BOISE, Idaho (KIFI/KIDK)-The Idaho Center for Fiscal Policy (ICFP) believes Idaho has taken important steps to help unemployed workers, but could do more.
The independent government watchdog says women and younger workers were among the first to feel the effects of the COVID-19 crisis. 57% of Unemployment Insurance claims in the last full week of March were filed by women and 50% were made by individuals under the age of 35.
Idaho's unemployment fund became insolvent during the Great Recession, according to the ICFP. Policy makers took steps since then to make sure its reserves were replenished. Idaho Department of Labor Director Jani Revier said the fund could withstand a recession similar to 2008.
Governor Brad Little has taken steps to widen access to benefits.

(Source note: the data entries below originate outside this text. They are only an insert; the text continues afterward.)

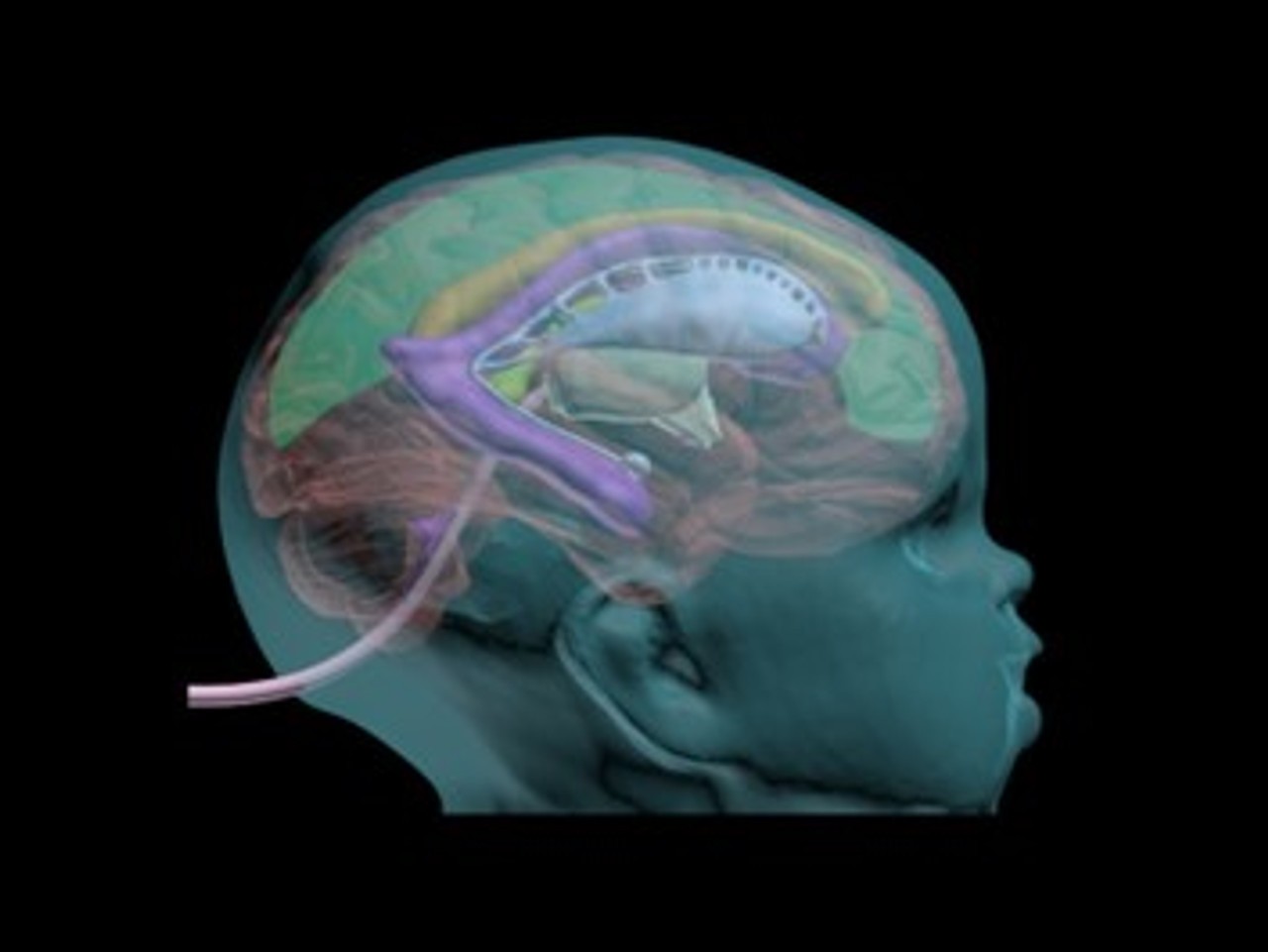 Newborn Baby Complex Head Phantom Model - Design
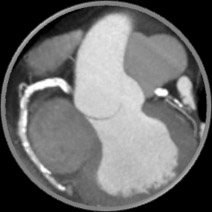 ffrct anatomical insights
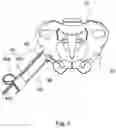 Fig. 02 - Implant guide system for hip replacement surgery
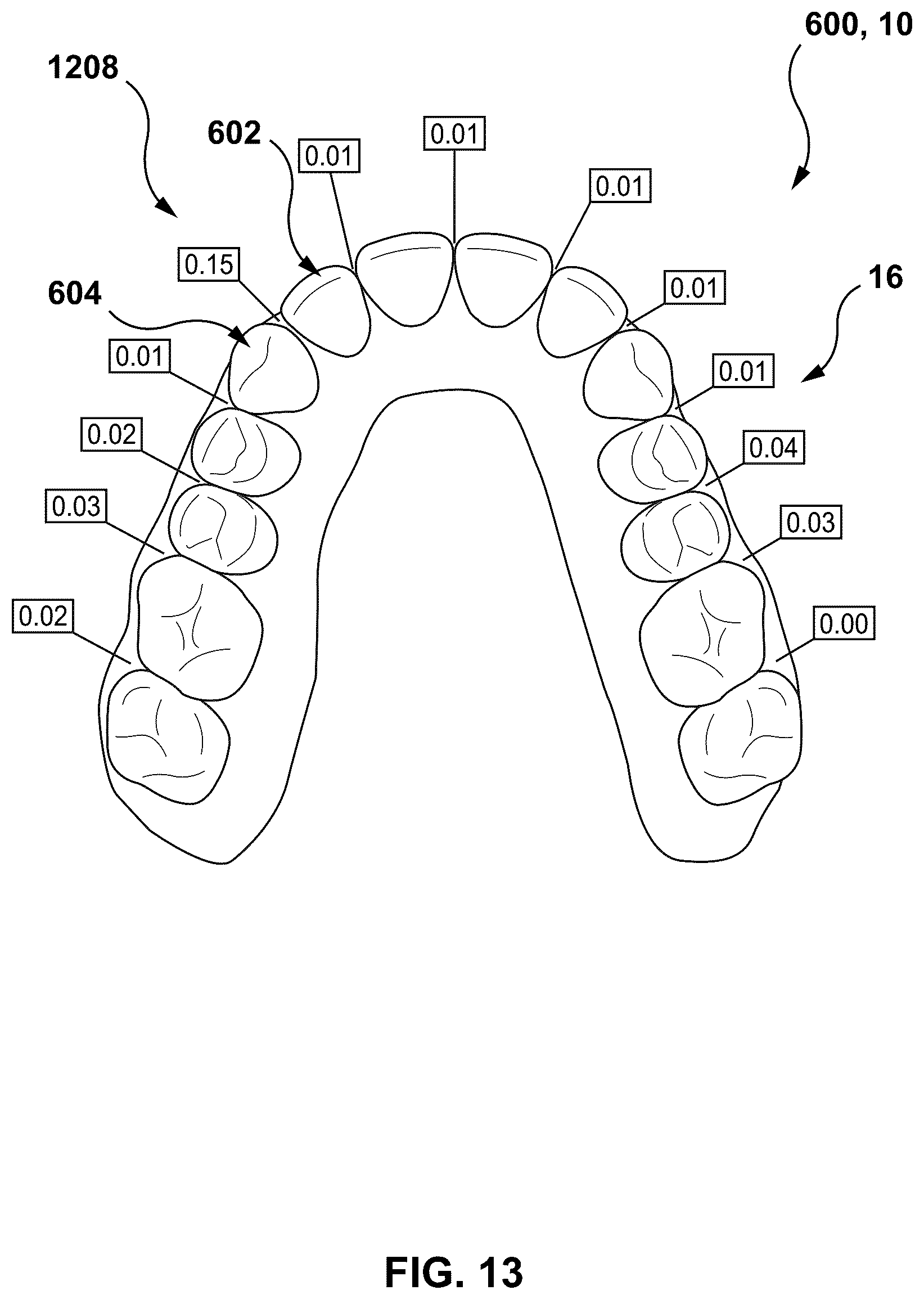Patent US12303347 Figure 12 – Methods and systems for determining an orthodontic treatment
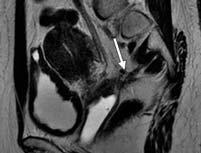 significant pathologies present (ovary cyst, fibroid) MRI Undistended
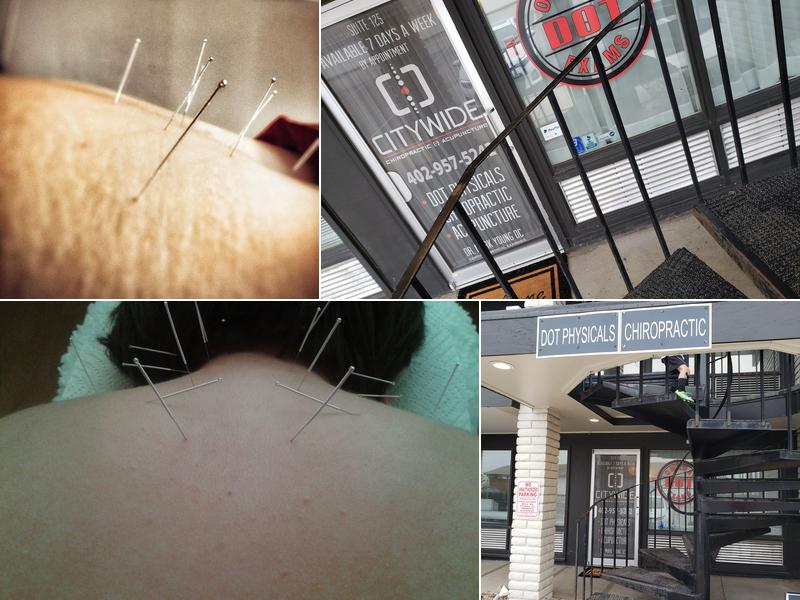 Citywide Chiropractic and Acupuncture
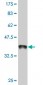 GHRL Antibody (monoclonal) (M09)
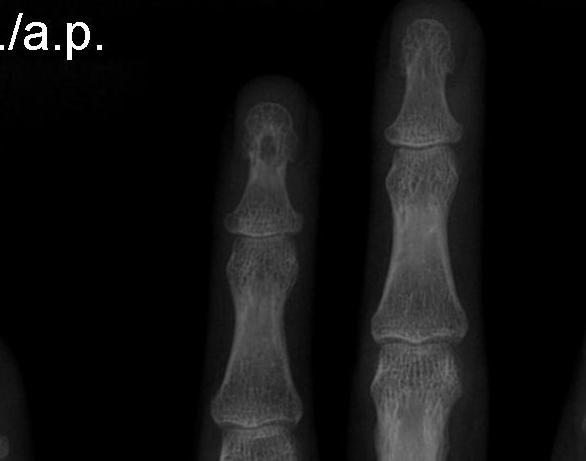 Epidermal Inclusion Cyst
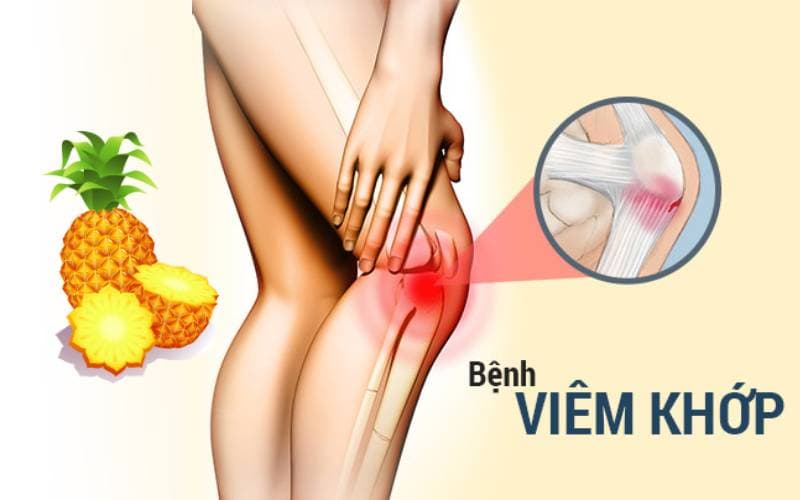 Bromelain điều trị gì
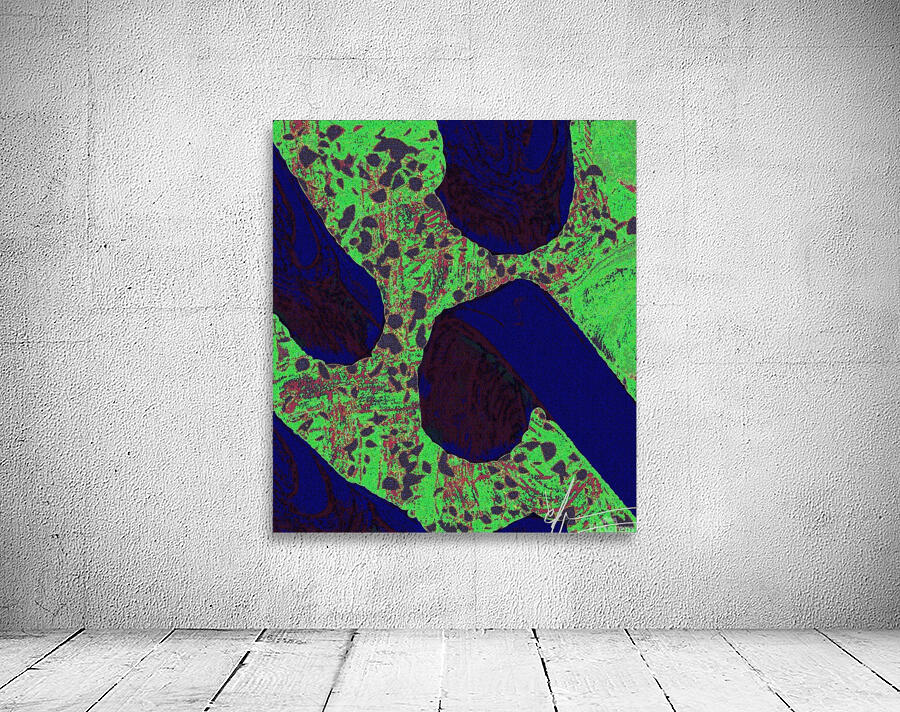 Follicles & Dermis Wall Preview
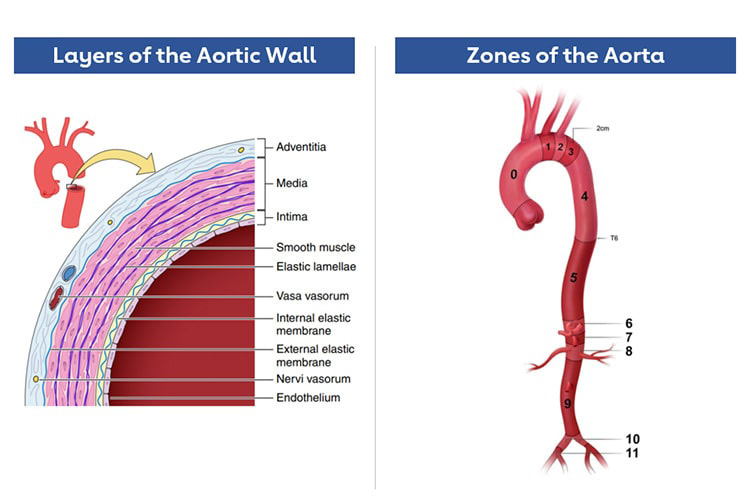 diagram of the layers of the aortic wall and the zones of the aorta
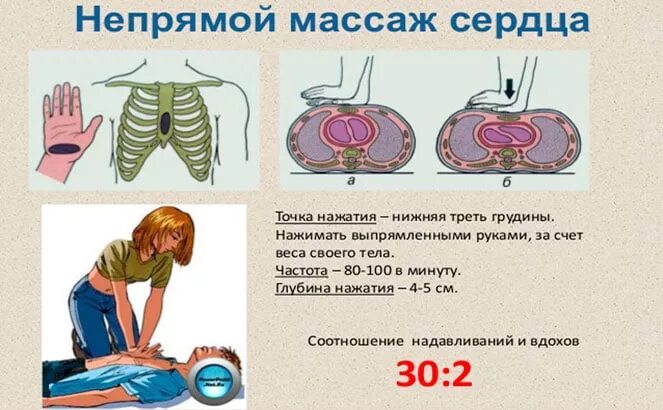 Что такое непрямой массаж сердца. Схема проведения непрямого массажа сердца. алгоритм оказания непрямого массажа сердца. алгоритм проведения наружного непрямого массажа сердца. проведение наружного массажа сердца алгоритм.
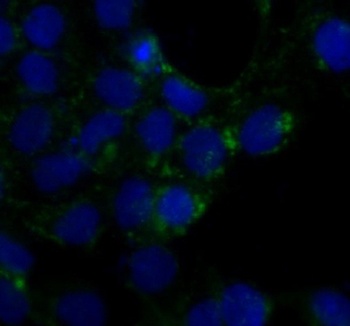 Caveolin-1 CAV1 Rabbit Monoclonal Antibody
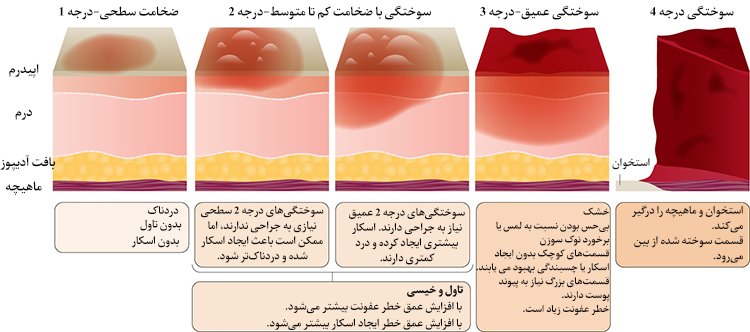  آشنایی با انواع درجه بندی سوختگی 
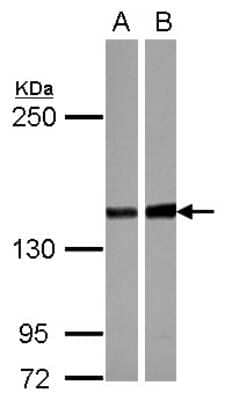 Western Blot: PPP2R3A Antibody [NBP2-19908] - Sample (30 ug of whole cell lysate) A: NT2D1 B: U87-MG 5% SDS PAGE gel, diluted at 1:1000.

He did that by lifting both the "waiting week" before benefits begin and work search requirements. The claims appeals window was also expanded for employees and employers.
The ICFP believes there are additional policy steps the state could take to help. Among its suggestions are an increase in Idaho's low wage replacement rate of 25%. At the current level a minimum wage worker ($7.25 per hour) receives about $72 a week in benefits.
Secondly, ICFP said some Idahoans are eligible for between 10 and 20 weeks of unemployment insurance, while most states provide 26 weeks.
The Center said increasing access to benefits for more Idahoans would boost dollars spent in local businesses and help pave a path for economic recovery down the line.